= James Chapman (author) =

American novelist and publisher

James Chapman (born 1955) is an American novelist and publisher. He was raised in Bakersfield, California, has lived in New York City since 1978, and is the author of ten novels to date.

His work combines experimental technique with a direct emotionality, often dealing with the anguish inherent in human communication.

Excerpted in many print and online magazines, his work has won a Notable Stories in StorySouths Million Writers Award, and been nominated four times for the Pushcart Prize.

==Earlier books (to 2000)==

In his first novel, Our Plague (A Film from New York) (1993), the protagonist is an underground filmmaker alienated from his own body, disgusted by his own careerism, and awash in apocalyptic visions. Not a lucid book, rather a difficult one, though energetic and full of unexpected choices.

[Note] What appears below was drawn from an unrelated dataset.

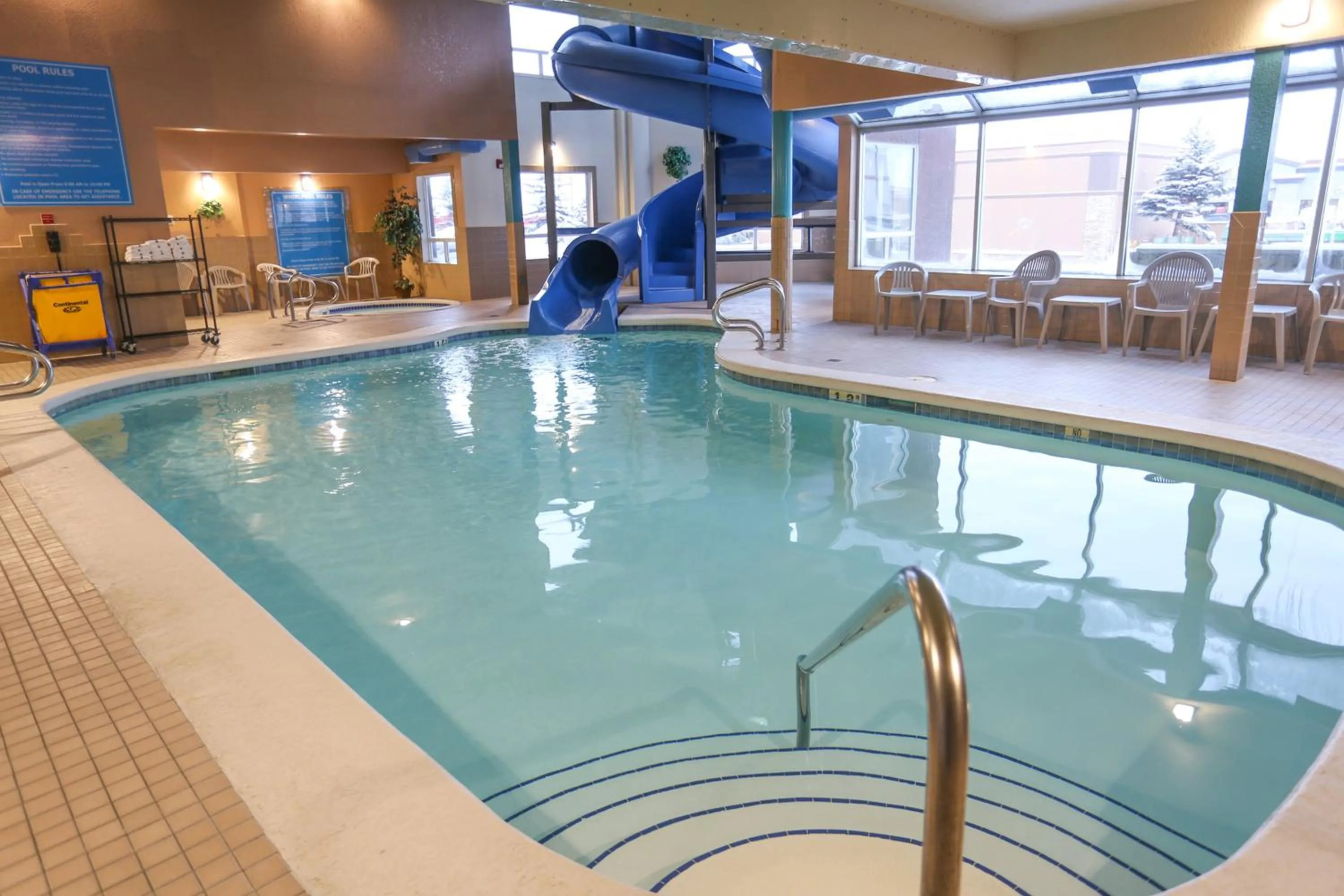 Swimming pool in Prairie Crest Calgary Airport by IHG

The story in the brief The Walls Collide as You Expand, Dwarf Maple (1993) seems almost desiccated: a young woman grows up, meets a man on a train, and lives with him in a city. The writing, as such, is simple and spare, unlike that of his other books.

Glass (Pray the Electrons Back to Sand) (1994), a "Television-War Novel" about the first Gulf War, blurs reality into its electronic media equivalent, to suggest a new, amoral, surrealistically detached technological level to the old horrors of war. The nearest to a conventional novel by this author.

In Candyland It's Cool to Feed on Your Friends (1998), a strangely knotted and personal work, deals with an indigent photographer who loses his closest friends for the crime of having exploited them for his artwork. The frame provided for the narrative strongly implies that something like this took place in the author's own life.

The visionary, messianic heroine of Daughter! I Forbid Your Recurring Dream! (2000) flings herself into all manner of self-expression, but willfully loses faith in each attempt at meaning, and each time ends up more broken, more solitary.

==Later books==

Stet (2006), Chapman's most ambitious book to date, takes the form of a bitter "Russian novel" about an ecstatic and weirdly oblivious Soviet filmmaker and painter, who ends up in prison camp as punishment for his private and antisocial tendencies.

How is This Going to Continue? (2007), a shorter work in the form of an oratorio libretto, seems to carry the artist-figure, a composer this time, further into private grief and alienation. The subject of this "libretto" is the death of the composer's wife, followed by the composer's own death. The novel, if such it is, consists entirely of quotations from other sources (many of which are, however, invented).

Degenerescence (2009) appears as a kind of endpoint of this alienated phase, where the author has finally turned away from the last of his own recognizable mannerisms, in favor of pseudo-ancient repetitive incantation about how the invention of narrative story causes the destruction of the hymn foundation of the world: what might be called a home-made Sumerian myth.

The Rat Veda (2010), for all its dire setting (its "hero" is a rat in the subway), in fact marks a change for the brighter, in that as the rat waits to transcend his self-made imprisonment, he worships beauty in the form of an idealized love, a dancer who seems to exist just over his head.

Qurratulain (2012) might be seen as the last in a "religious" trilogy (Degenerescence having drawn imagery from Sumerian myth, and The Rat Veda from devotional Hinduism). A Christian priest in the time of the monastic Desert Fathers falls in love with the title character, and together they go to the desert to pray and argue with God. As in Rat Veda, beauty and ecstatic love seem to outweigh all other aspects of existence.

==Novels==
- Our Plague (A Film from New York) [1993]
- The Walls Collide as You Expand, Dwarf Maple [1993]
- Glass (Pray the Electrons Back to Sand) [1994]
- In Candyland It's Cool to Feed on Your Friends [1998]
- Daughter! I Forbid Your Recurring Dream! [2000]
- Stet [2006]
- How is This Going to Continue? [2007]
- Degenerescence [2009]
- The Rat Veda [2010]
- Qurratulain [2012]

==In anthologies==
- Avant Garde for the New Millennium, edited by Forrest Armstrong (Raw Dog Screaming Press) [2008].
- Hatter Bones, edited by Paul Jessup (Evil Nerd Empire) [2009].

==Chapbook==
- Don’t Give Up & Die, Don’t Push Me Into the Blackness, No, Life Is Impossible, We Agree, Stay With Me in Hiding, Exile Together Is Better than Death, They Won’t Find Us, They Won’t Mock at You Again, They Won’t Kick Me Again, We’ll Float Above Them, We’ll Feed Each Other with Fruits They Don’t Know How to Find, We Won’t Speak Their Language Anymore, Our Lungs Will Fill with Light (ML Press, 2008)

==As publisher==
Chapman also operates Fugue State Press, a publisher of "advanced and experimental fiction" which has published a peculiar assortment of work by Noah Cicero, Ben Brooks, Joshua Cohen, André Malraux, Prakash Kona, and others. Chapman has referred to the press as "an orphanage for the unpublishable," indicating that the work is not commercially viable in the current publishing marketplace.